Task statement — Beneath this instruction is a block of data; output from it exactly the lines that run from the one containing "X s - s - m - l" through the one containing "Επιπολασμός ΚΑ σε", inclusive.

Information —
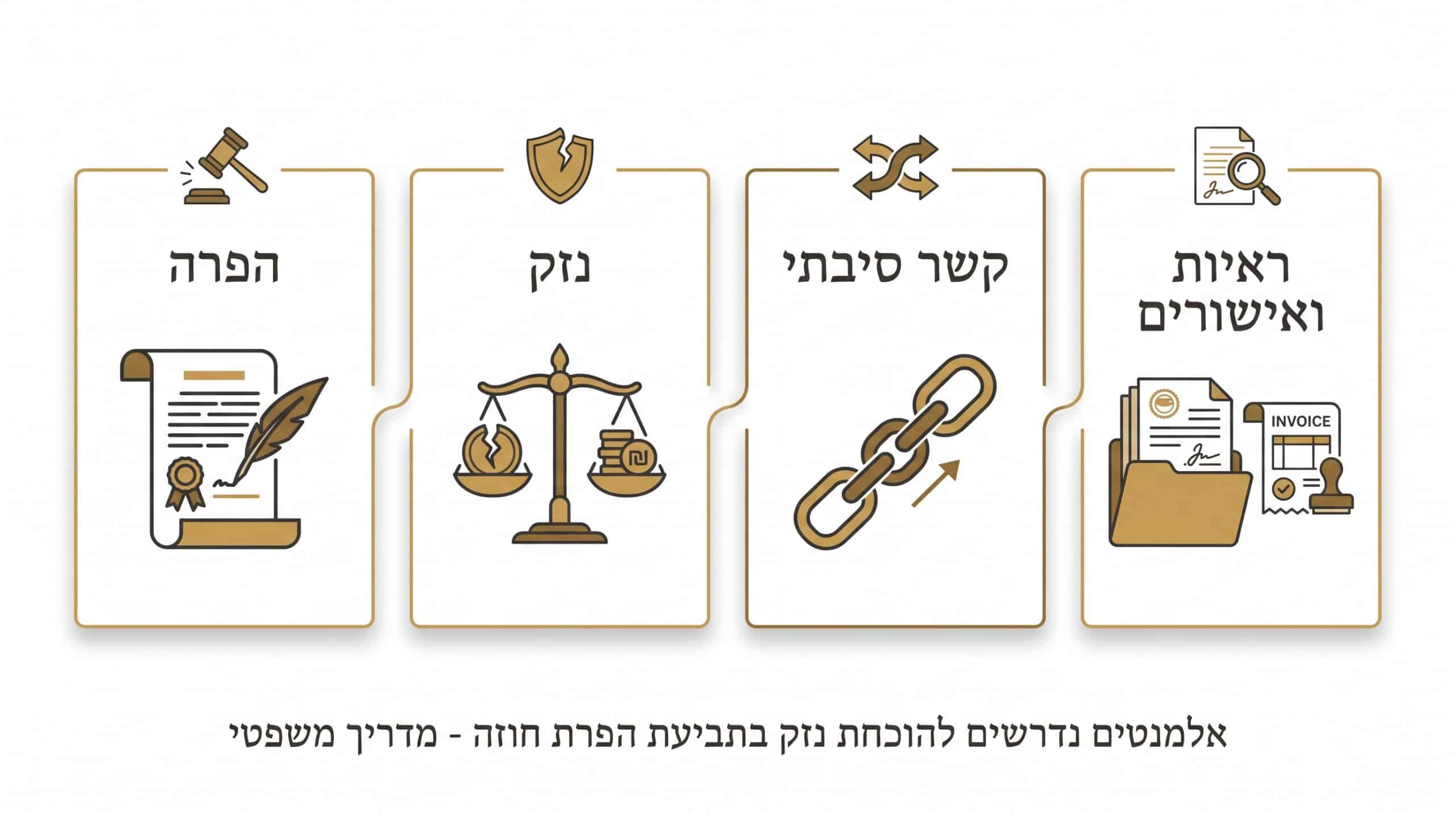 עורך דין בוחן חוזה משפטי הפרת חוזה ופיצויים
==
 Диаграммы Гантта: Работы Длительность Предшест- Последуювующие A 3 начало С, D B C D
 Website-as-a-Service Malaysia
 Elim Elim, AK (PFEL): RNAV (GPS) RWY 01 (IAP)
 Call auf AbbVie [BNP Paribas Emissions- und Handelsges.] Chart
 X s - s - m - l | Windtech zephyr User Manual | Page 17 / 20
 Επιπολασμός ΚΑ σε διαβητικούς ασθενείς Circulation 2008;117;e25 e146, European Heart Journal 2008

Answer to the exercise —
 X s - s - m - l | Windtech zephyr User Manual | Page 17 / 20
 Επιπολασμός ΚΑ σε διαβητικούς ασθενείς Circulation 2008;117;e25 e146, European Heart Journal 2008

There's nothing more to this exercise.